Symposium aims to unite marginalized students

The Students of Color Symposium started with an idea: a space for students from different backgrounds to congregate and speak about the issues and challenges faced by marginalized groups.

The Multicultural Student Affairs staff developed the idea for the two-day event following discussions with students about how to make the university environment more inclusive.

“We had been talking to students for quite a while about what can the University of Miami do, what can our office do that moves forward President Frenk’s agenda of creating a culture of belonging, while also educating each other and providing opportunities for authentic dialogue,” said Renee Callan, director of programs for MSA.

Callan, alongside Assistant Director of Programs for MSA Junior Pena, approached students Amber Tavakoly and Frankie Hedgepeth with their initial idea in 2017. Tavakoly and Hedgepeth took it upon themselves to make the idea a reality for the spring 2018 semester. Co-chair Tavakoly, a junior, said the symposium is meant to open communication between groups of students to discuss hot-button issues.

“It’s been a time of reckoning in many different ways,” said Tavakoly, a psychology major. “There are definitely conversations that have to be had, that unfortunately, don’t seem to be salient on campus. There’s been a lot of milestones and barriers that have been broken in terms of adversity but there’s still repercussions of centuries of oppression.”
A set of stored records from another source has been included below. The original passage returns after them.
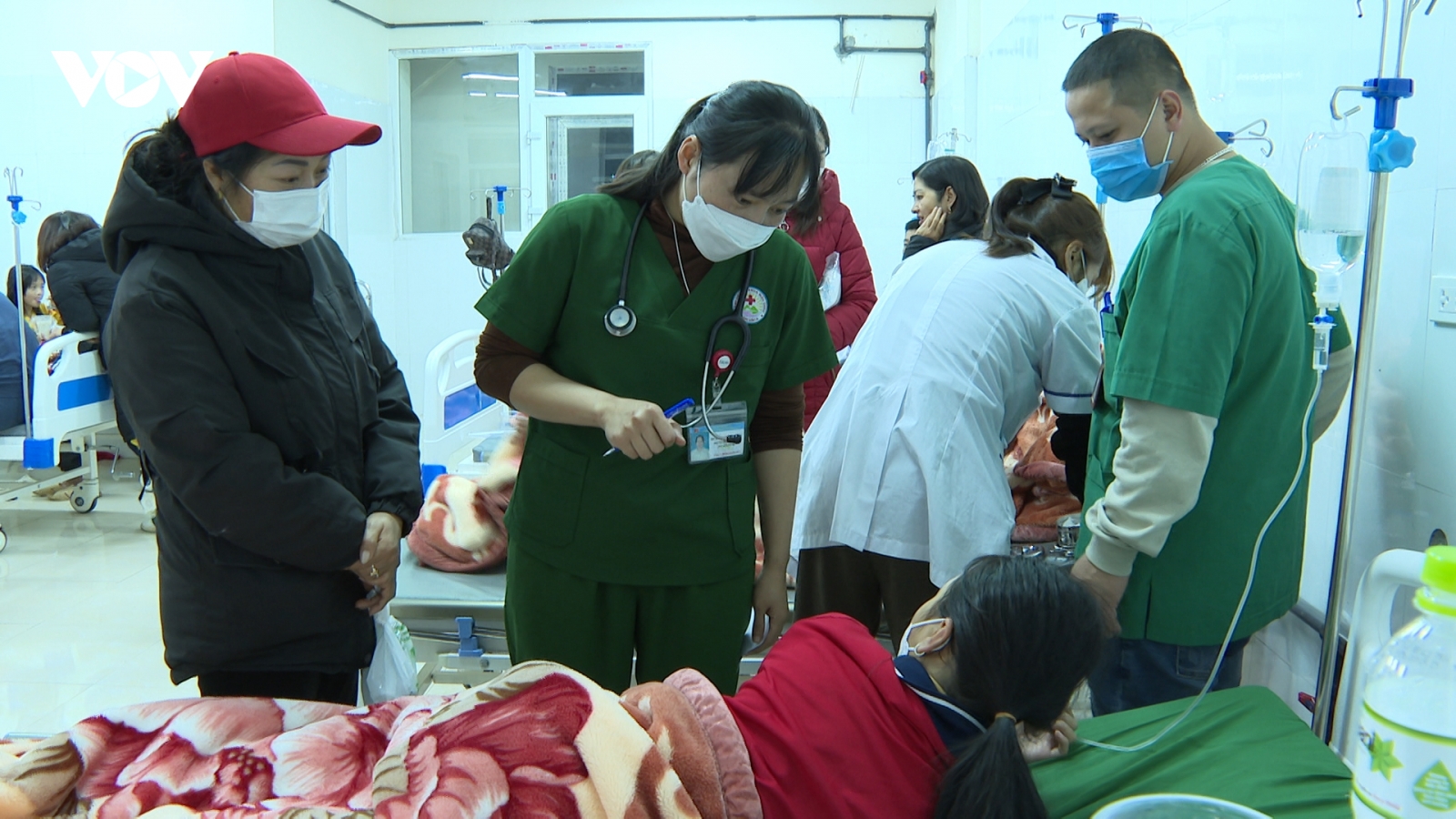 40 học sinh ở Mộc Châu bị ngộ độc thực phẩm sau buổi ngoại khóa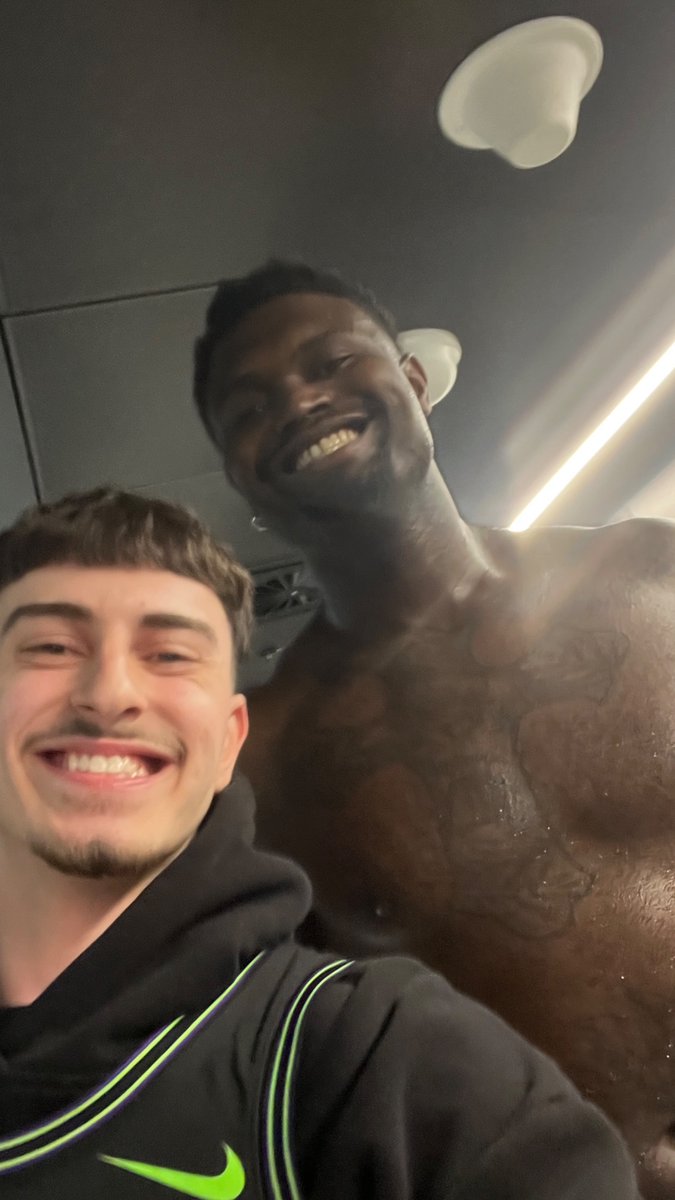 Dre ⚜️ tweet media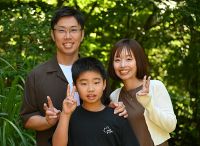 20250726 小溝様ご家族 ご満足頂き感謝です！！！○○君は静かなお子様ですが笑顔がとっても可愛いいお子様です！！！これからも健やかな成長を祈念致します！！！藤城清治美術館は如何でしたか！？涼しい室内でとっても綺麗な作品にご満足頂けたのでは！？石心のお蕎麦も美味しいですよね！！！
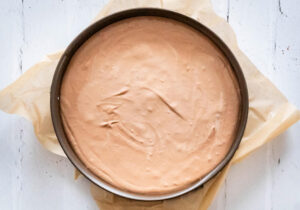 Creme auf Keksboden geben - No-Bake Schokoladen Cheesecake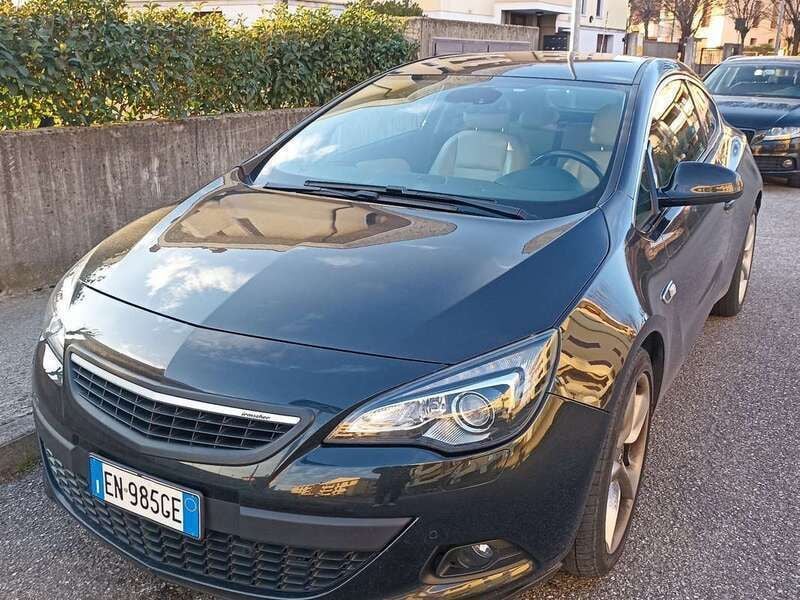 Usata Opel Astra GTC 140 CV (102 kW) 2012 Nero Coupé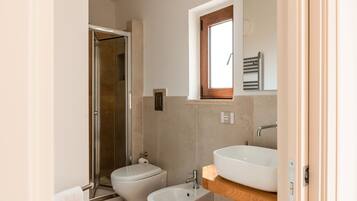 Dusche, Haartrockner, Handtücher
The symposium, that has over 150 participants registered, will begin 6 p.m. Jan. 26 and will continue 9:30 am to 4:30 pm. on Jan. 27. The two-day event will kick off with a networking reception where participants will be able to meet and converse with each other as well as guest speakers, including Associate Vice President for Student Affairs and Dean of Students Ryan Holmes and editor-in-chief and co-founder of Very Smart Brothas Damon Young. The second part of the event will feature speakers and workshops to facilitate discussion about topics such as identity, navigating career paths and and social justice issues.

Tavakoly said the event is named for the people they want to invite and uplift: students of color.

“We just want to address the nuances that means to be a student of color, but it’s not meant to alienate who don’t identify as students of color at all,” Tavakoly said. “More than anything, we just want people to know that this will be a space where topics that affect students of color will be addressed.”